Quick Links

Re: zstd compression for pg_dump

From:	Justin Pryzby <pryzby(at)telsasoft(dot)com>
To:	Tomas Vondra <tomas(dot)vondra(at)enterprisedb(dot)com>
Cc:	Jacob Champion <jchampion(at)timescale(dot)com>, pgsql-hackers(at)postgresql(dot)org, gkokolatos(at)pm(dot)me, Michael Paquier <michael(at)paquier(dot)xyz>, Robert Haas <robertmhaas(at)gmail(dot)com>, Peter Geoghegan <pg(at)bowt(dot)ie>, Peter Eisentraut <peter(dot)eisentraut(at)enterprisedb(dot)com>, Heikki Linnakangas <hlinnaka(at)iki(dot)fi>, Thomas Munro <thomas(dot)munro(at)gmail(dot)com>, Dipesh Pandit <dipesh(dot)pandit(at)gmail(dot)com>, Andrey Borodin <x4mmm(at)yandex-team(dot)ru>, Mark Dilger <mark(dot)dilger(at)enterprisedb(dot)com>
Subject:	Re: zstd compression for pg_dump
Date:	2023-03-27 17:28:42
Message-ID:	ZCHSSv3DgxUa0f3L@telsasoft.com
Views:	Whole Thread \| Raw Message \| Download mbox \| Resend email
Thread:
Lists:	pgsql-hackers

On Fri, Mar 17, 2023 at 03:43:31AM +0100, Tomas Vondra wrote:
> On 3/16/23 05:50, Justin Pryzby wrote:
> > On Fri, Mar 10, 2023 at 12:48:13PM -0800, Jacob Champion wrote:
> >> On Wed, Mar 8, 2023 at 10:59 AM Jacob Champion <jchampion(at)timescale(dot)com> wrote:
> >>> I did some smoke testing against zstd's GitHub release on Windows. To
> >>> build against it, I had to construct an import library, and put that
> >>> and the DLL into the `lib` folder expected by the MSVC scripts...
> >>> which makes me wonder if I've chosen a harder way than necessary?
> >>
> >> It looks like pg_dump's meson.build is missing dependencies on zstd
> >> (meson couldn't find the headers in the subproject without them).
> >
> > I saw that this was added for LZ4, but I hadn't added it for zstd since
> > I didn't run into an issue without it. Could you check that what I've
> > added works for your case ?
> >
> >>> Parallel zstd dumps seem to work as expected, in that the resulting
> >>> pg_restore output is identical to uncompressed dumps and nothing
> >>> explodes. I haven't inspected the threading implementation for safety
> >>> yet, as you mentioned.
> >>
> >> Hm. Best I can tell, the CloneArchive() machinery is supposed to be
> >> handling safety for this, by isolating each thread's state. I don't feel
> >> comfortable pronouncing this new addition safe or not, because I'm not
> >> sure I understand what the comments in the format-specific _Clone()
> >> callbacks are saying yet.
> >
> > My line of reasoning for unix is that pg_dump forks before any calls to
> > zstd. Nothing zstd does ought to affect the pg_dump layer. But that
> > doesn't apply to pg_dump under windows. This is an opened question. If
> > there's no solid answer, I could disable/ignore the option (maybe only
> > under windows).
>
> I may be missing something, but why would the patch affect this? Why
> would it even affect safety of the parallel dump? And I don't see any
> changes to the clone stuff ...

zstd supports using threads during compression, with -Z zstd:workers=N.
When unix forks, the child processes can't do anything to mess up the
state of the parent processes.

But windows pg_dump uses threads instead of forking, so it seems
possible that the pg_dump -j threads that then spawn zstd threads could
"leak threads" and break the main thread. I suspect there's no issue,
but we still ought to verify that before declaring it safe.

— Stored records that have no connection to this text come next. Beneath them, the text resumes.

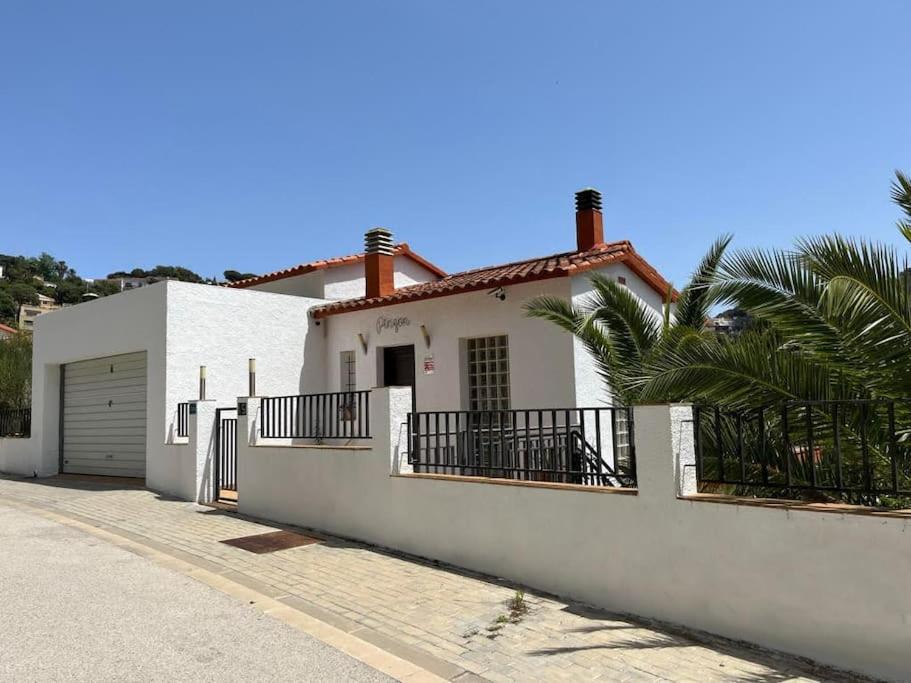 Pinzon, gezellige familievilla met groot zwembad.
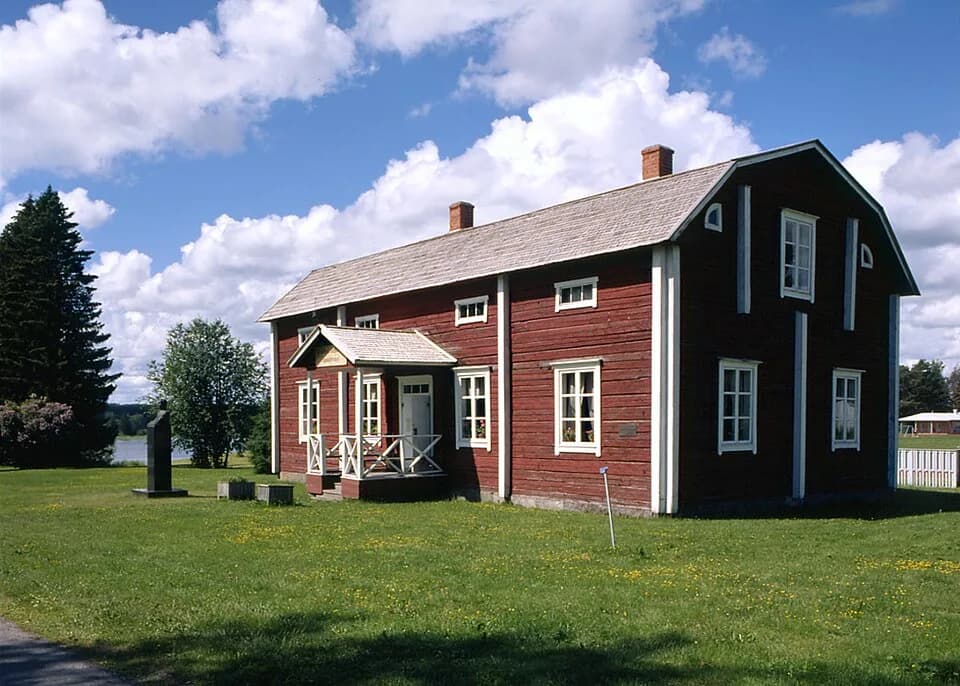 Kaarlo Juho Ståhlberg - Haapajärven Ronkaalan vanha pappila rakennettiin 1784. Presidentti K. J. Ståhlbergin lapsuudenkoti. Rakennuksesta tehtiin 1960-luvulla pappilamuseo.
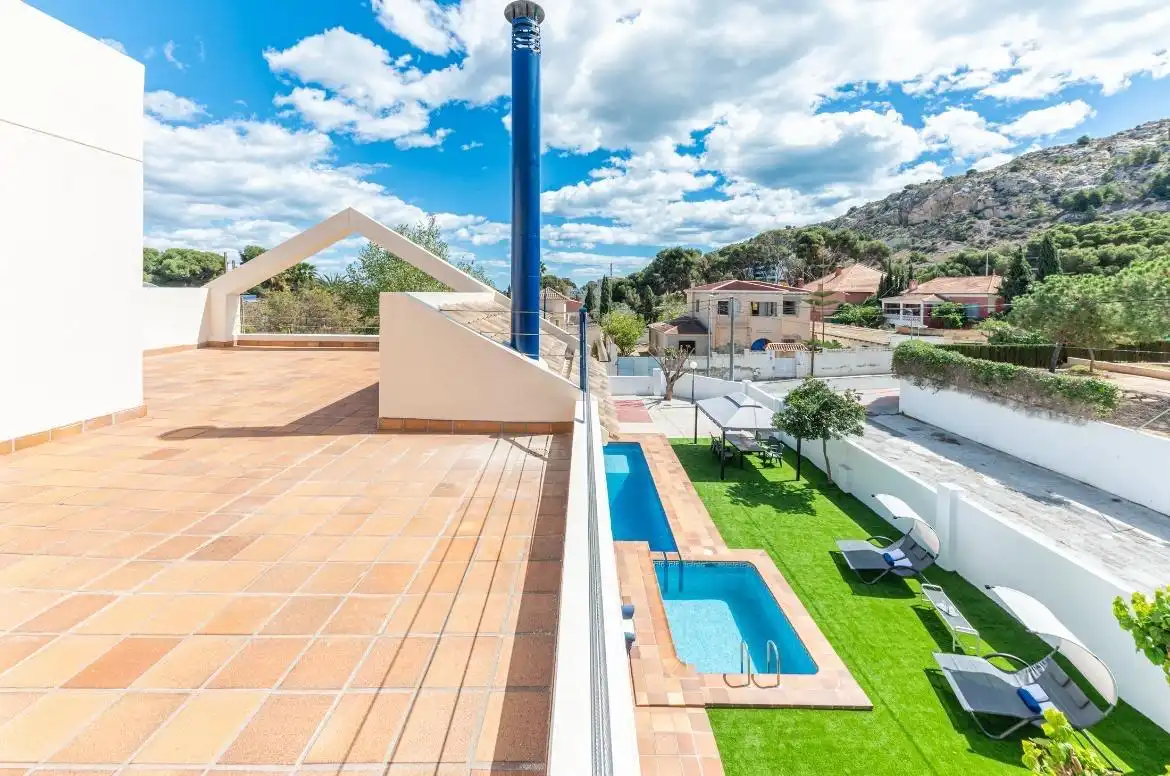 Piscina de Casa o xalet en venda en Alicante / Alacant amb Jardí privat, Terrassa i Traster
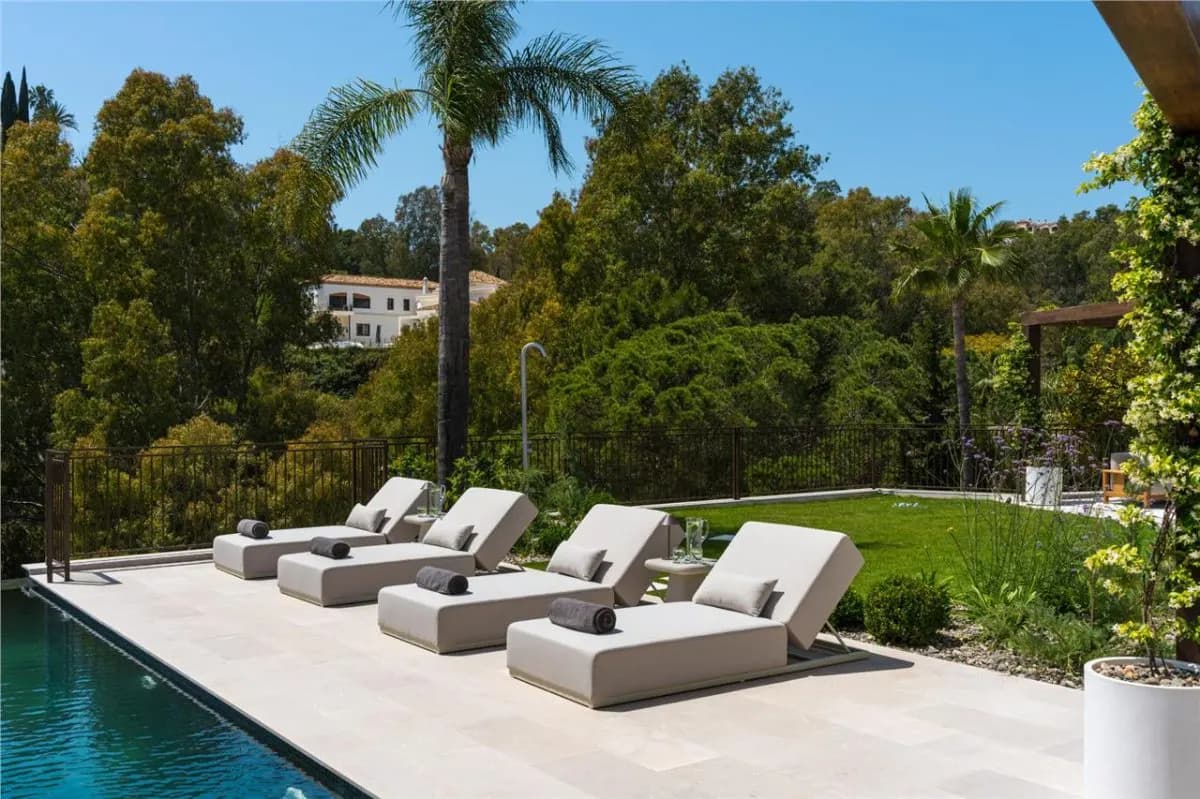 Villa Horizon 38 — El Madroñal Private Estate, Benahavis view 9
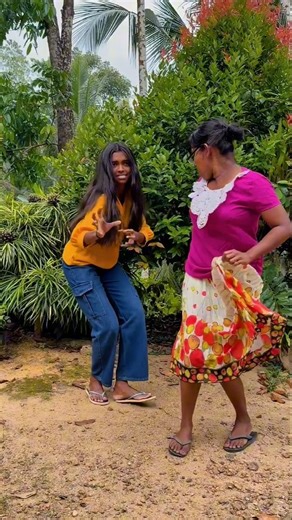 දුවගෙ පදේට නටනවා කියන්නේ ඕන්න ඕකට😁 #funny ‪@Podiththi‬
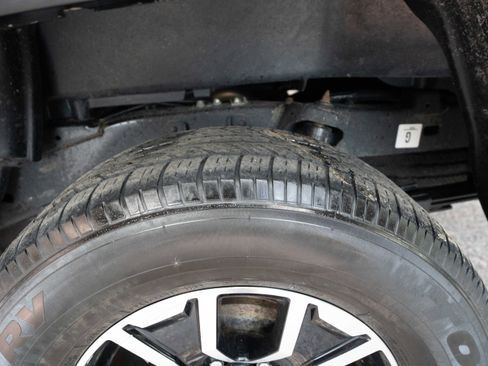 Used 2023 Toyota Tacoma TRD Sport image 29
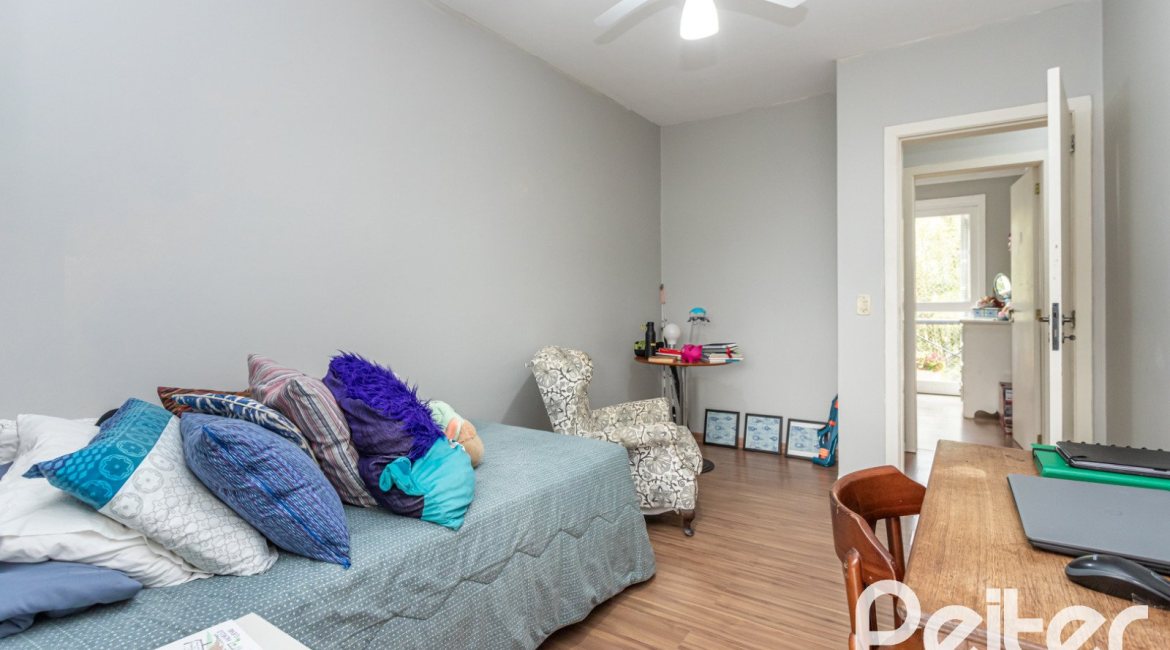 Casa em Condomínio à venda com 223m², 3 dormitórios, 1 suíte, 2 vagas, no bairro Jardim Isabel em Porto Alegre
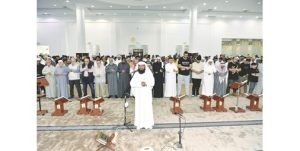 المصلون أدوا صلاة التراويح في أول أيام شهر رمضان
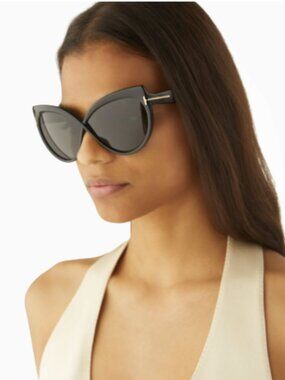 NEW TOM FORD BEATRICE SUNGLASSES TF1196 01A OVERSIZED BLACK WOMEN EYEWEAR FT1196
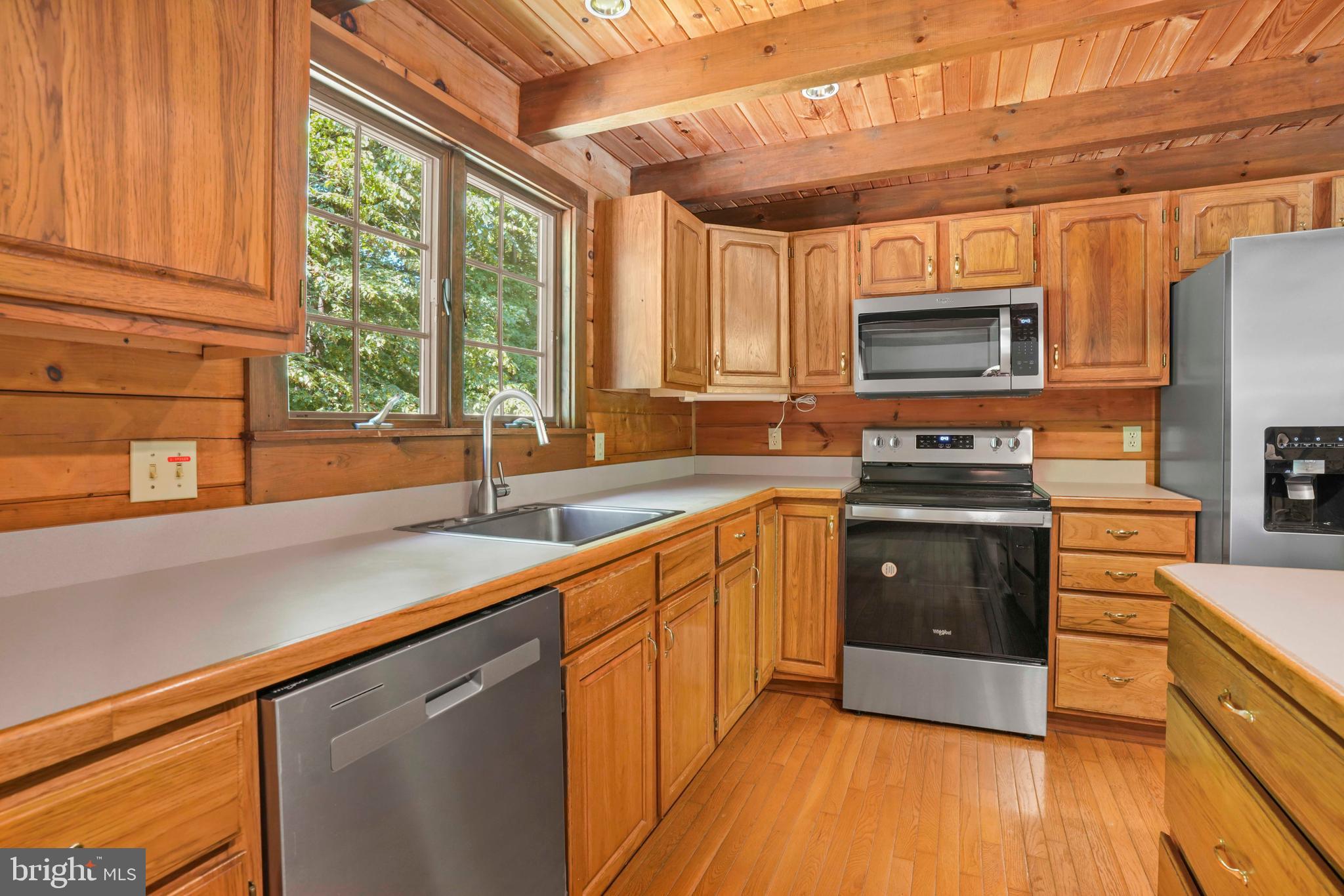 5925 Huntingtown Road Huntingtown, MD 20639 - Photo 18 of 32 Kitchen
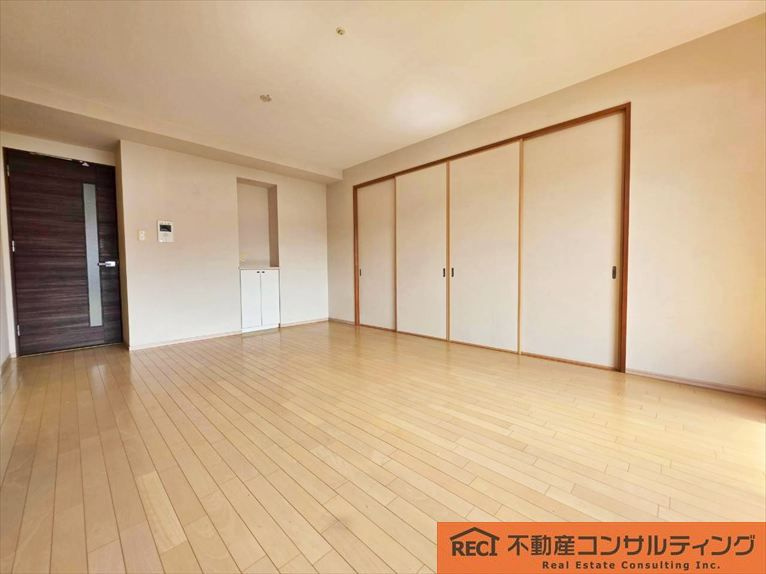エスリード苦楽園老松町の洋室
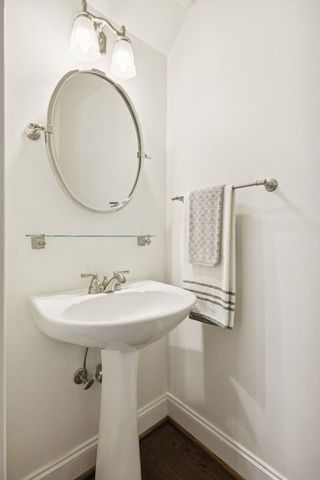 1210 5th Ave, N, Nashville, TN 37208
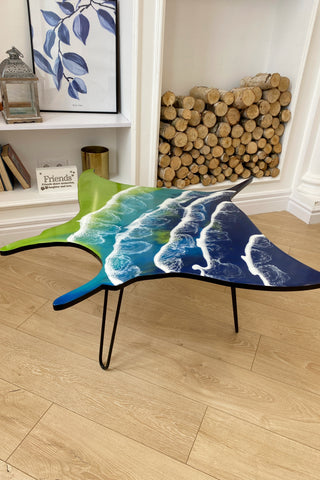 Tisch in Fischform aus Epoxidharz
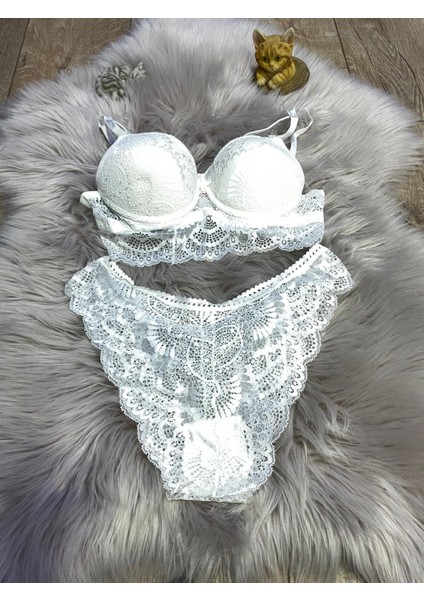 Beyaz Tam Desenli Destekli Dolgulu Kadın Iç Çamaşır Takımı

> > The function is first checking if it was passed a filename which already
> > has a suffix. And if not, it searches through a list of suffixes,
> > testing for an existing file with each suffix. The search with stat()
> > doesn't happen if it has a suffix. I'm having trouble seeing how the
> > hasSuffix() branch isn't dead code. Another opened question.
>
> AFAICS it's done this way because of this comment in pg_backup_directory
>
> * ...
> * ".gz" suffix is added to the filenames. The TOC files are never
> * compressed by pg_dump, however they are accepted with the .gz suffix
> * too, in case the user has manually compressed them with 'gzip'.
>
> I haven't tried, but I believe that if you manually compress the
> directory, it may hit this branch.

That would make sense, but when I tried, it didn't work like that.
The filenames were all uncompressed names. Maybe it worked differently
in an older release. Or maybe it changed during development of the
parallel-directory-dump patch and it's actually dead code.

This is rebased over the updated compression API.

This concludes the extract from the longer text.